One is a preppy Wall Street bank with quarter of a million employees, headed by the same man — Dimon — for 16 years. The other is a 95m-strong institution led by a man eight-plus years into his reign. The first is rooted in lenders set up two centuries ago. The second is celebrating its 100th birthday.
Both are popular. Nearly 220,000 applicants battled it out for 3,000 places on the bank’s summer intern programs this year; globally it received 2.8m application for jobs requiring experience. The CCP, which has grown membership by a fifth in the decade to 2019, received 19m applications for membership in 2019.
JPMorgan wins on diversity; women make up more than half of the workforce, although they take up just 28 per cent of the very top roles. Less than half the staff are white. The CCP remains a largely homogenous grouping of dyed-in-the-wool (and frequently hair) party men. Just over a quarter are women. Barely a handful of them hold any of the top 130 slots.
There is divergence in other areas. JPMorgan is putting more emphasis on skills rather than academic certificates; in 2019 more than three-quarters of jobs in the US requiring experience did not require a degree. But mortar boards have graced the heads of half of the CCP’s members.

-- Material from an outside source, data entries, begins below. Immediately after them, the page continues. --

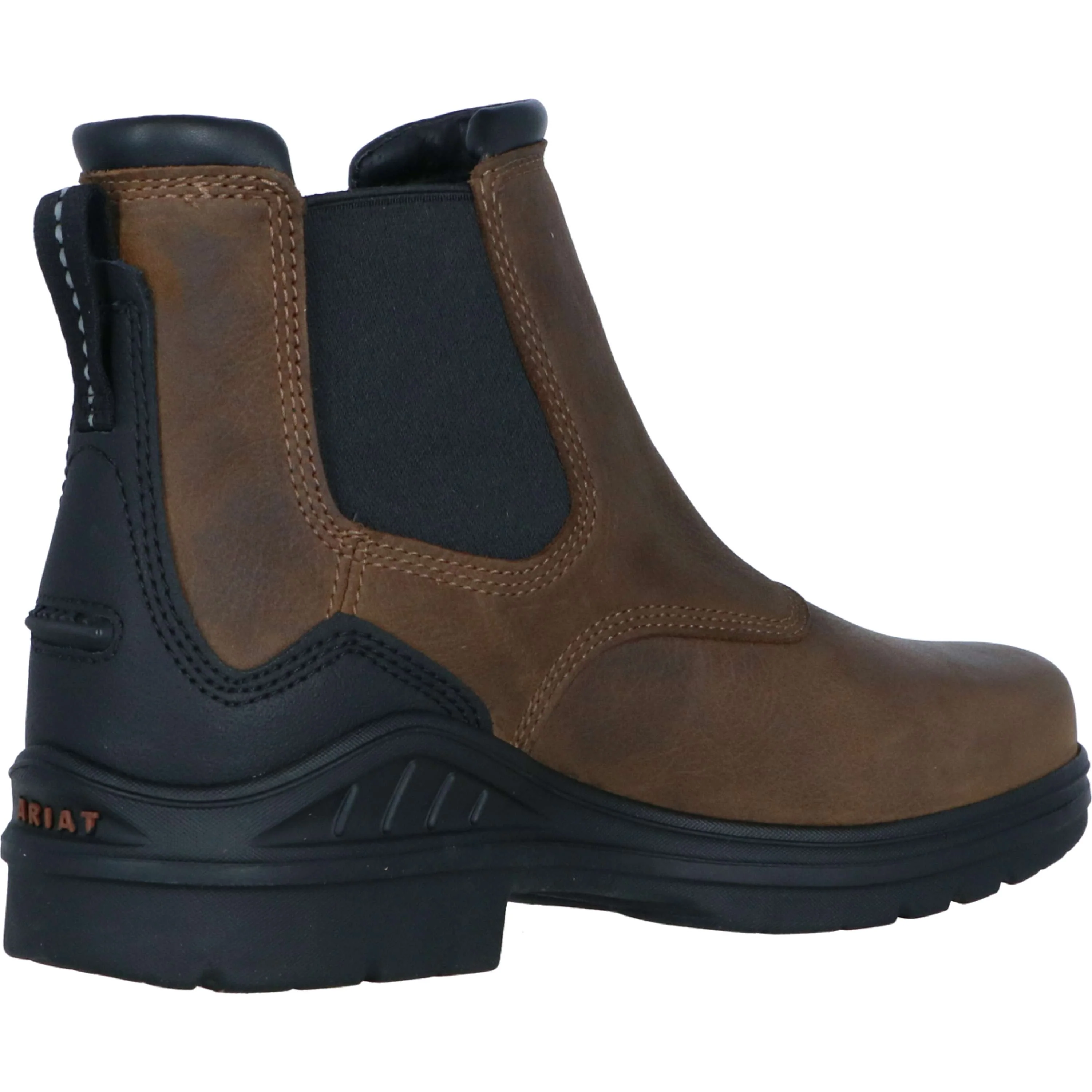 Ariat Jodhpurs Bateau Barnyard Twin Gore II Waterproof Boot Femme Antique Brown - Image 5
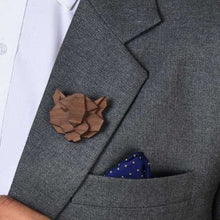 Load image into Gallery viewer, Tiger_My Spirit Animal collection - Brooch-Mens Accessories-Claymango.com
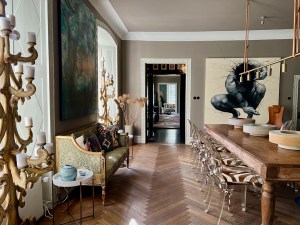 Tradition and Modernity Meld at Kåseholm Castle, Listed for $4.6M in Sweden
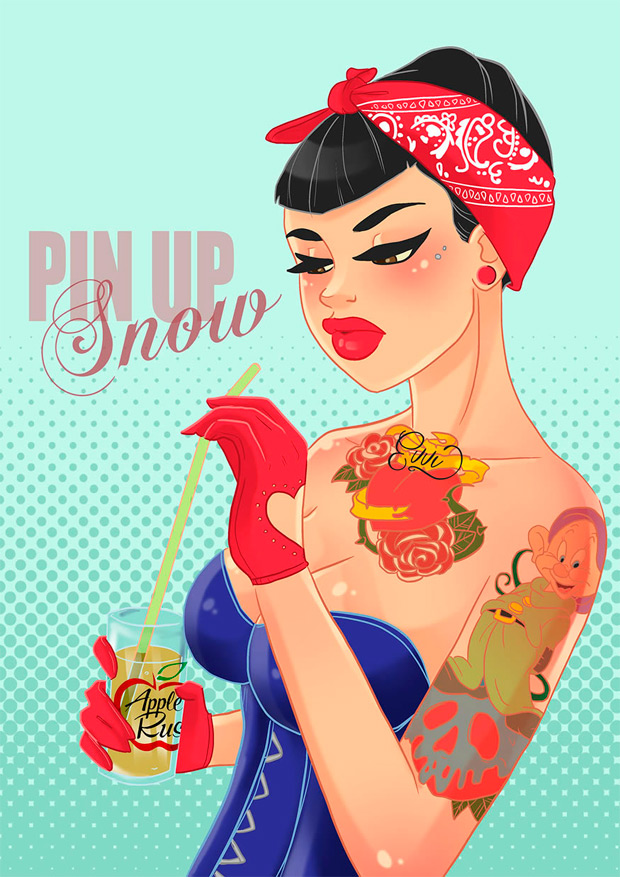 princesas-disney-sensuales-ilustracion-emmanuel-viola-2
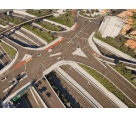 Video render of completed Warringah Freeway upgrade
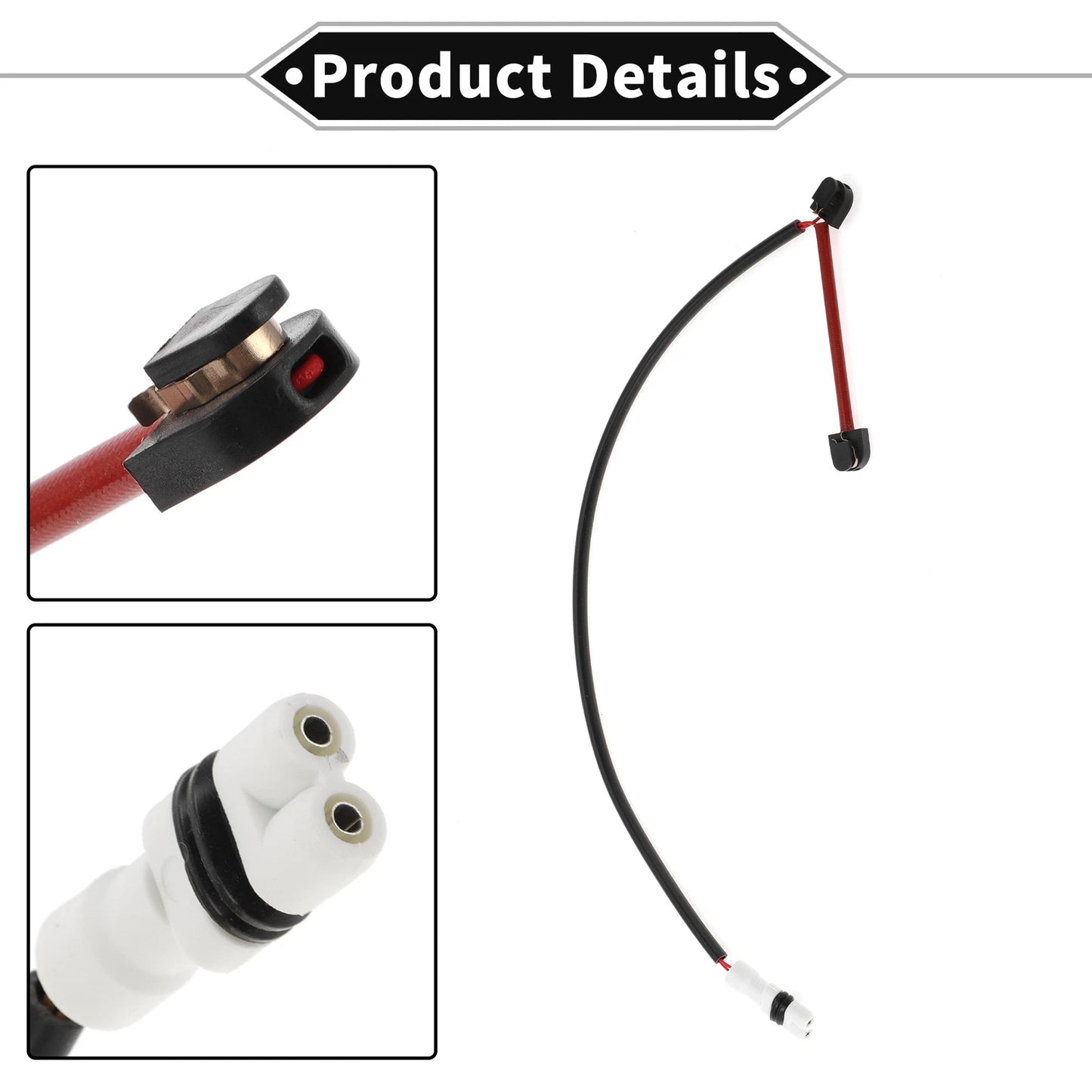 1pc Brake Pad Wear Sensor for Porsche 911 997 (2008–2012) No. 99761267601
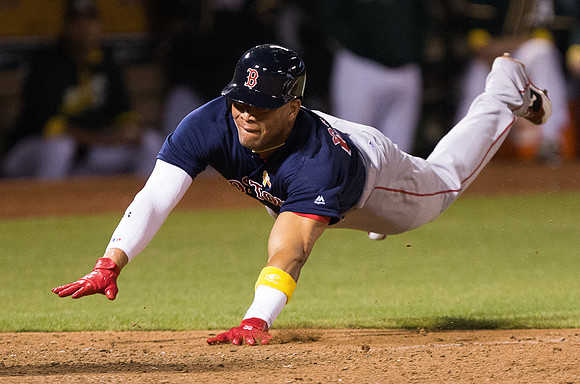 MLB: Boston Red Sox at Oakland Athletics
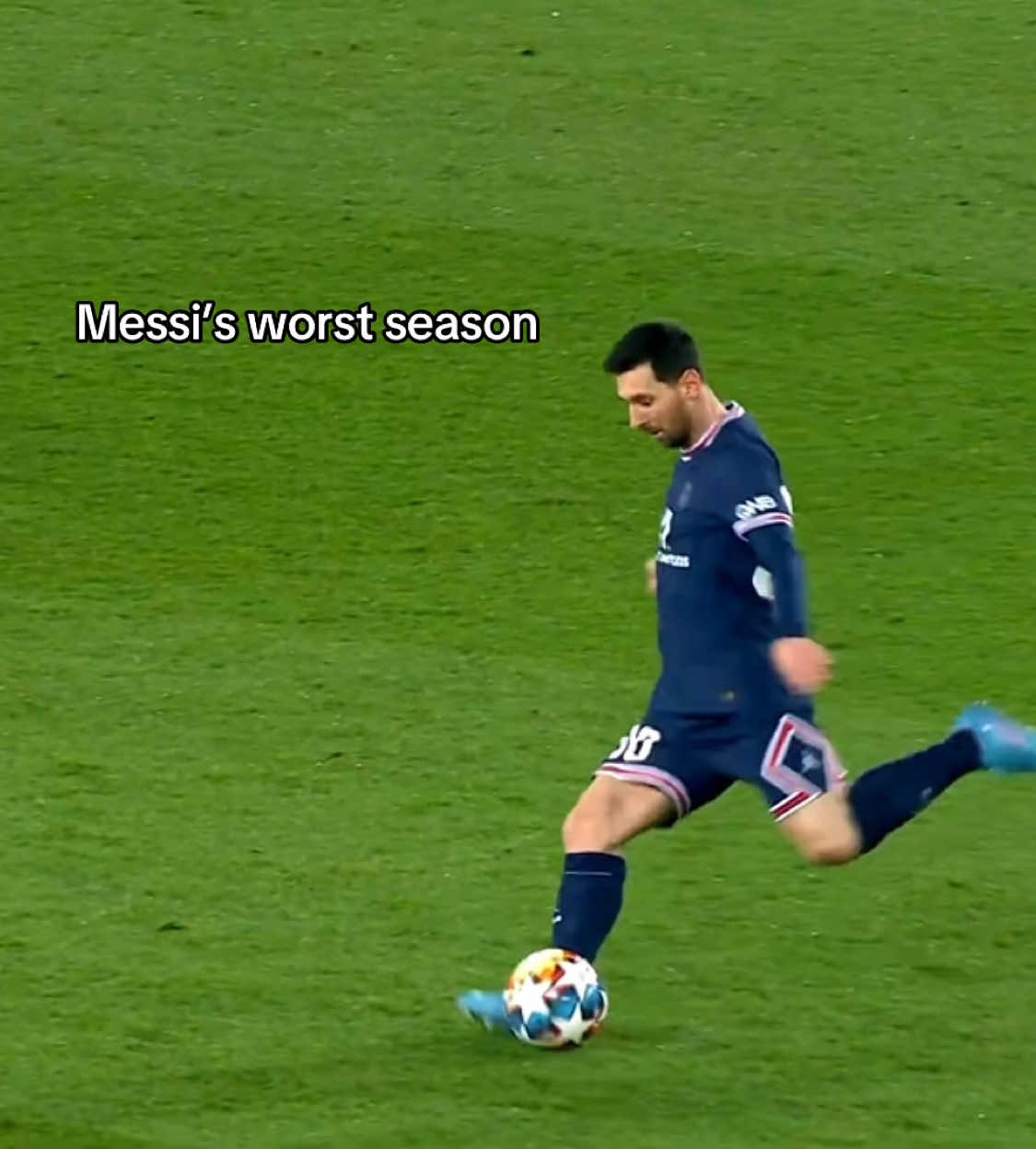 2021/22 messi #messi #messipsg #messi2021 #messi2022 #messiprime #messiworstseason #worstseasonmessi #realmadrid 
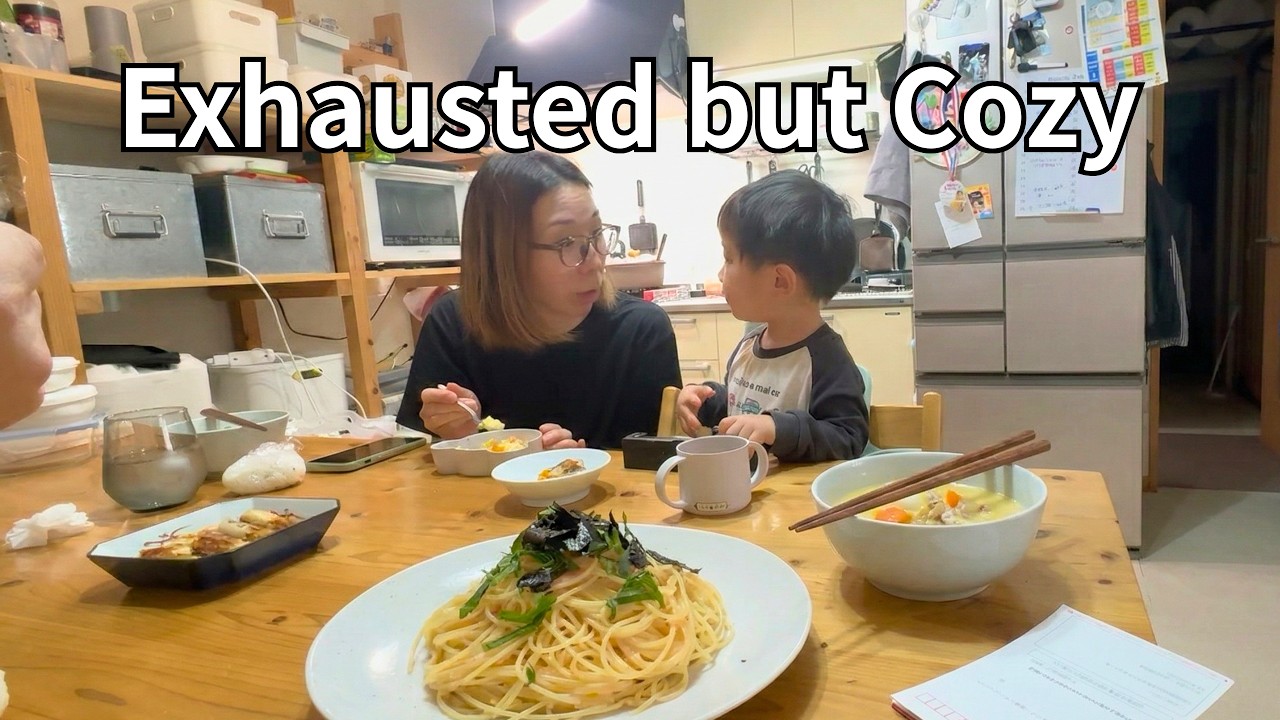 🇯🇵Messy but Happy: Realistic Mom Life in Our Tiny Okinawa Apartment, Japan
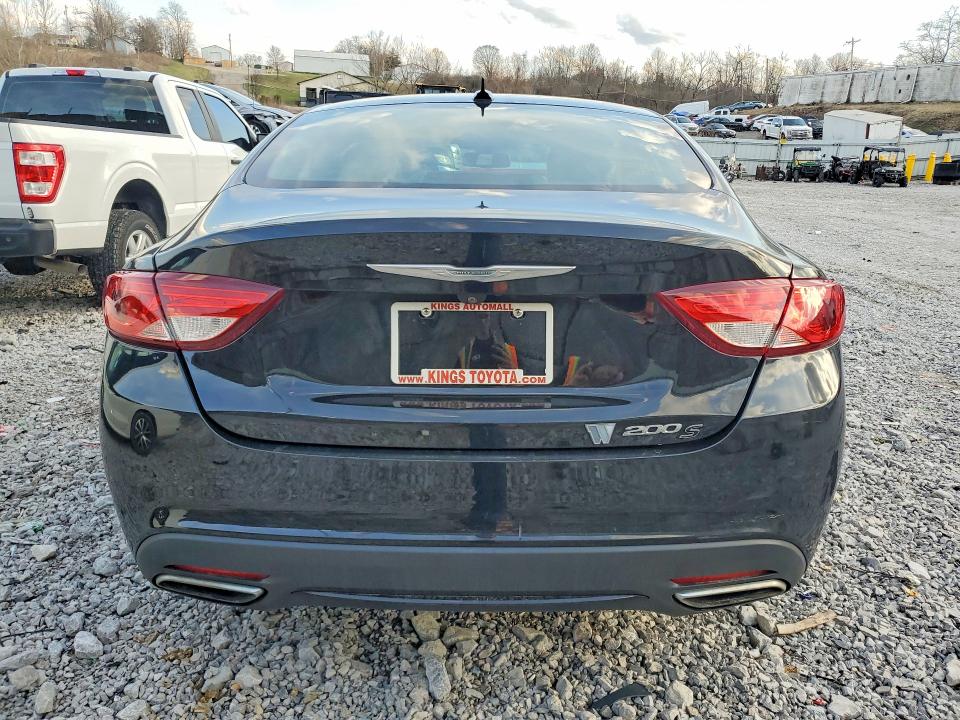 Aukcja sprzedaży 2015 Chrysler 200, vin: 1C3CCCBB3FN546571, numer aukcji: 41730536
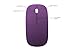 RUBAN® 2.4G Wireless Optical Mouse For Laptop PC Mac (Purple)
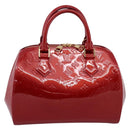 LOUIS VUITTON Vernis Montana Hand Bag Pomme Damour M90058 LV Auth 203143A-2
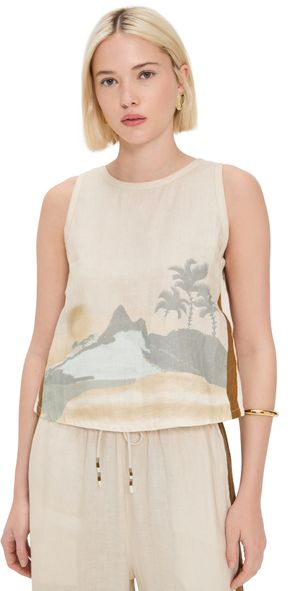 Las Sureñas Ipanema Top Beige M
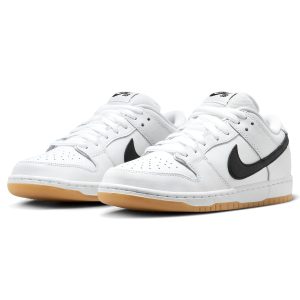 Nike Dunk Trainers, Nike SB Skate Shoes, Nike Dunk Low SB 'White Gum'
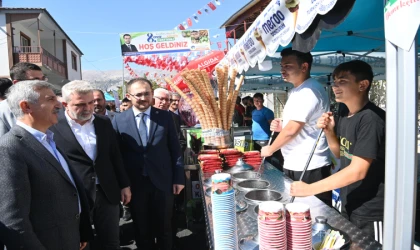 Başkan Görgel: “Çağlayancerit Cevizi Gibi Şehrimizin Tüm Değerlerine Sahip Çıkıyoruz”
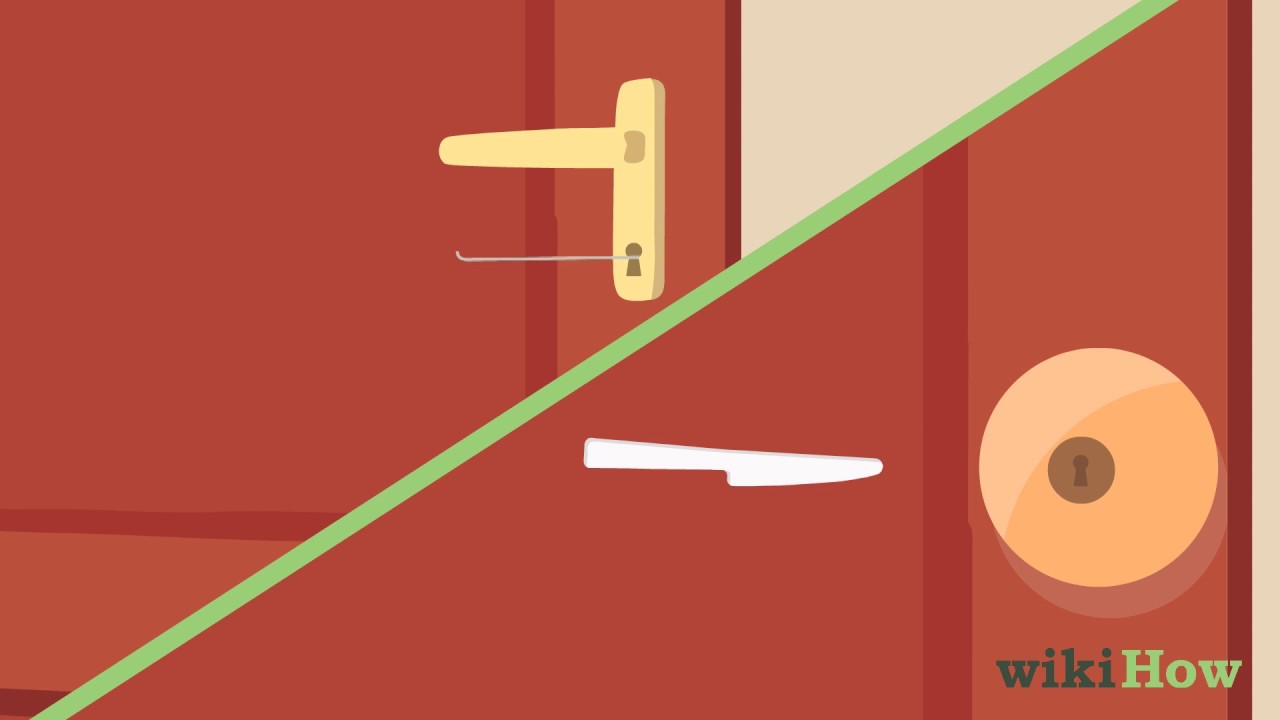 Chabi Khone par Locked Door ko Kaise Khole चाबी गुम होने पर बंद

The universal bank has its hands on some of the levers of power and money. JPMorgan has a market capitalisation just shy of $500bn and Dimon happily and publicly shares his opinion on matters of national importance like immigration and health. “Government is increasingly dysfunctional, leading to a number of policies that simply don’t work,” he informed shareholders last year. He also shared views on China and “autocratic and authoritative leadership”.
But none of that amounts to two beans beside the Party. China’s stock market lies predominantly in state hands; stakes in financial institutions alone are worth multiples of JPMorgan. It rules over a $16tn economy, of which a quarter is generated by state-owned enterprises, and holds sway over 1.4bn people. Its scientific and technological prowess has left the Pentagon gobsmacked. One thing is for sure. JPMorgan’s future in China has taken a backwards step after Dimon’s quip.